Hi, I am the first author of this paper and I am happy to answer any questions. You can find a link to the technical paper here https://arxiv.org/abs/2205.09665.
Hey this is cool, I do the NYT Crossword every day. A few questions.
1. You mention an 82% solve rate. The NYT puzzle gets "harder" each day Monday through Saturday. Do you track the days separately?

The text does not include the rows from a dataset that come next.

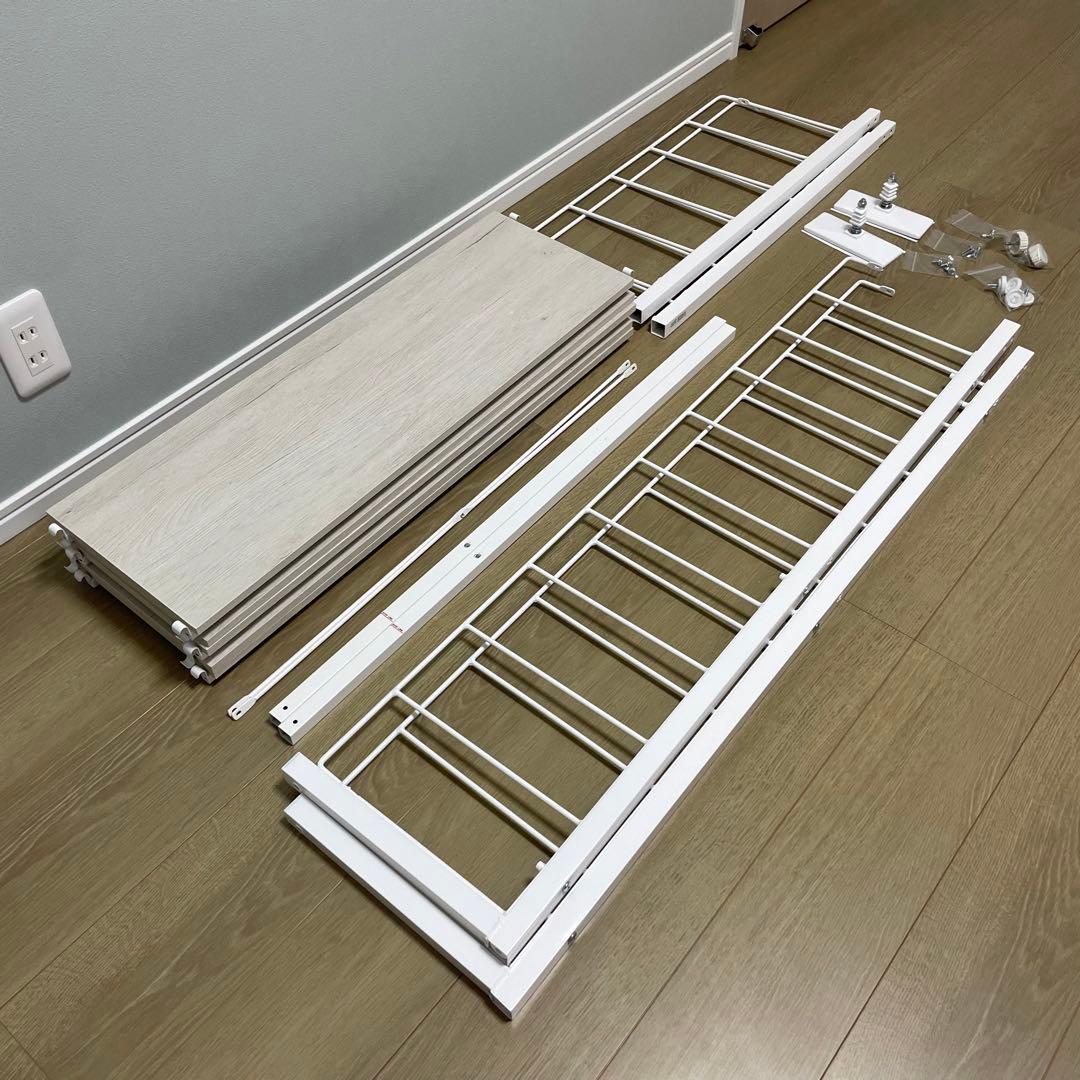 ニトリ 突っ張り壁面収納Nポルダ(幅80cm ホワイトウォッシュ)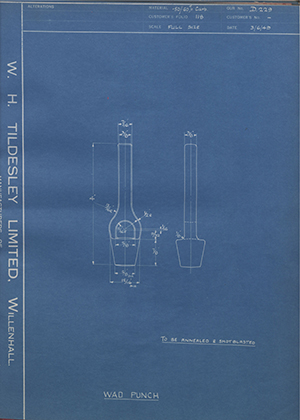 Smith Francis Tools LTD - Wad Punch WH Tildesley Forging Technical Drawing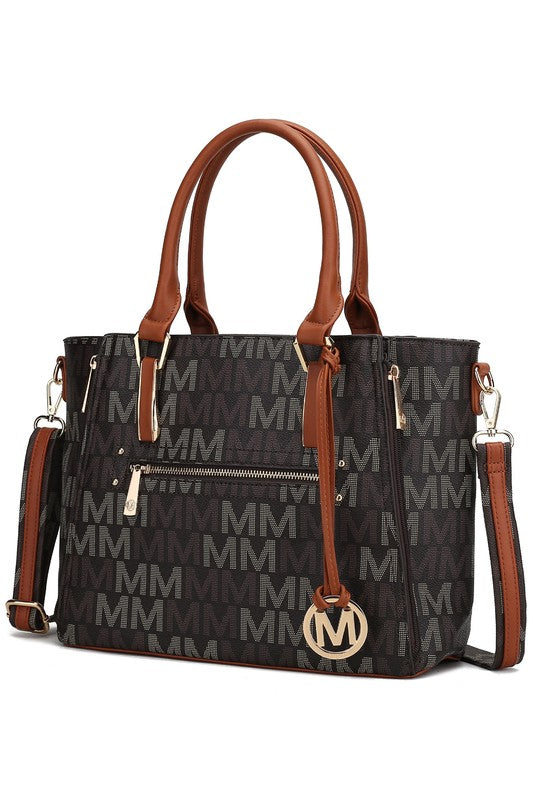 MKF Collection Siena M Signature Handbag by Mia K Brown One Size by MKF Collection by Mia K | Fleurcouture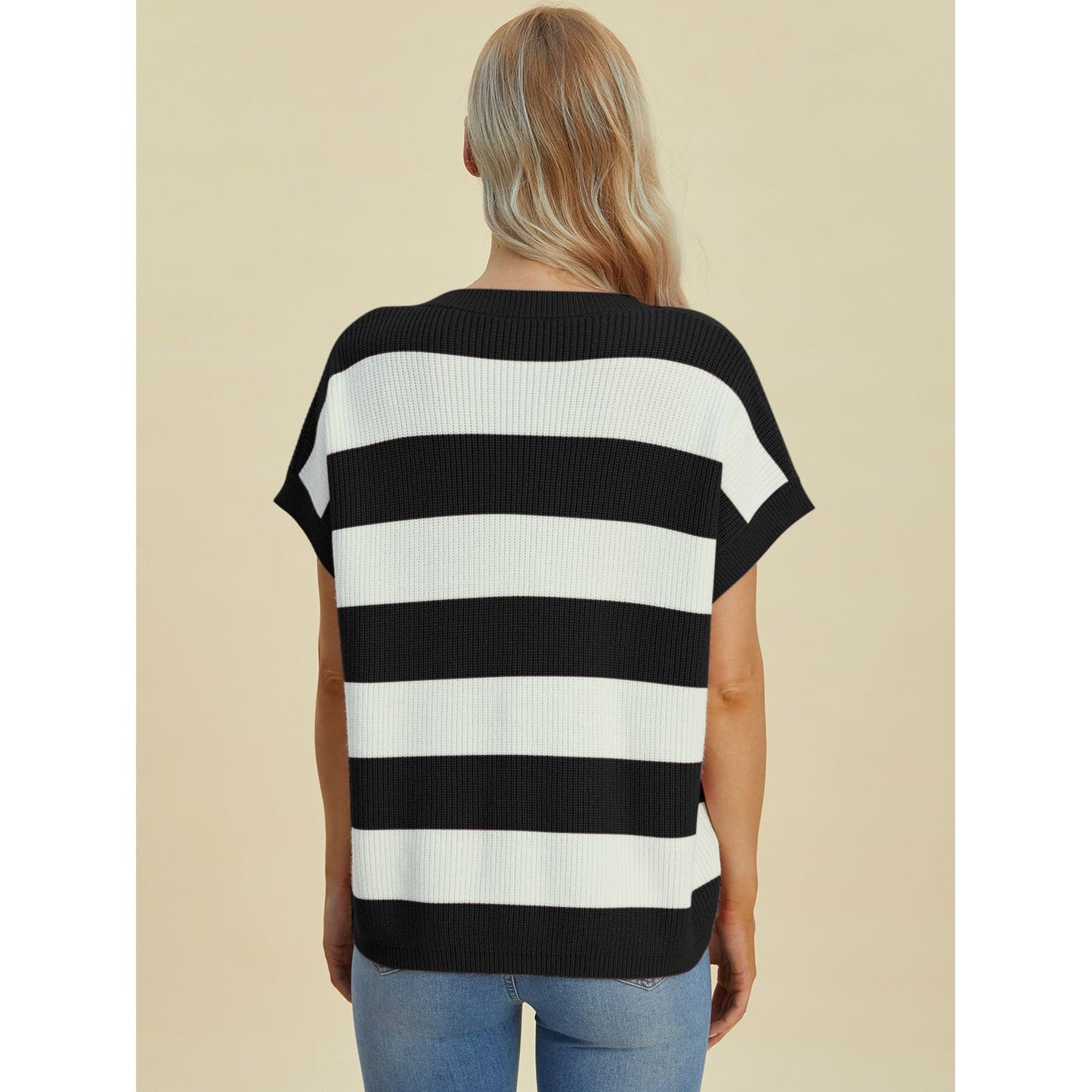 Double Take Full Size Striped V-Neck Short Sleeve Sweater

If so I'd be curious how much of the 18% unsolved end up on Fridays and Saturday. (for anyone who doesn't know the Sunday puzzle is outside of the M-Sat range since its a bigger puzzle).
2. Related to the above Thursday puzzles usually have "tricks" (skipped letters and what not) in them or require a Rebus (multiple letters in one space) - do you handle these at all?
3. Is this building an ongoing model and getting better at solving? Or did you have to seed it with a set of solved puzzles and clues?
2. Our current system doesn't have any handling for rebuses or similar tricks, although Dr. Fill does. I think this is part of why Thursday is the hardest day for us, even though Saturday is usually considered the most difficult.
3. We trained it with 6.4M clues. As new crosswords get published, we could theoretically retrain our model with more data, but we aren't currently planning to do that.
I don't suppose you gave more weight to more recent puzzles? Is there a time period or puzzle setter that was harder to solve because they favored an unusual clue type?
We didn't give more weight to recent puzzles. In fact, we trained on pre-2020 data, validated on data from 2020, and evaluated on post-2020 data.
Our model seems to perform well despite this "time generalization" split, but there are a couple instances where it struggled with new words. For example, we got the answer "FAUCI" wrong in a puzzle from May 2021. Even though Fauci was in the news before 2020, I guess he wasn't famous enough to show up in crosswords, and therefore his name wasn't in our training data.
I think evaluating performance by constructor would be really interesting! But we haven't done that.
For handling cross-reference clues, do you think it would be feasible in the future to feed the QA model a representation of the partially-filled puzzle (perhaps only in the refinement step - hard to do for the first step before you have any answers!), in order to give it a shot at answering clues that require looking at other answers?
It feels like the challenges might be that most clues are not cross-referential, and even for those that are, most information in the puzzle is irrelevant - you only care about one answer among many, so it could be difficult to learn to find the information you need.
But maybe this sort of thing would also be helpful for theme puzzles, where answers might be united by the theme even if their clues are not directly cross-referential, and could give enough signal to teach the model to look at the puzzle context?
One thing I was curious about - the ACPT is a crossword speed-solving competition, with time spent solving a major aspect of total score. How did you approach leveling the playing field between the human and computer competitors?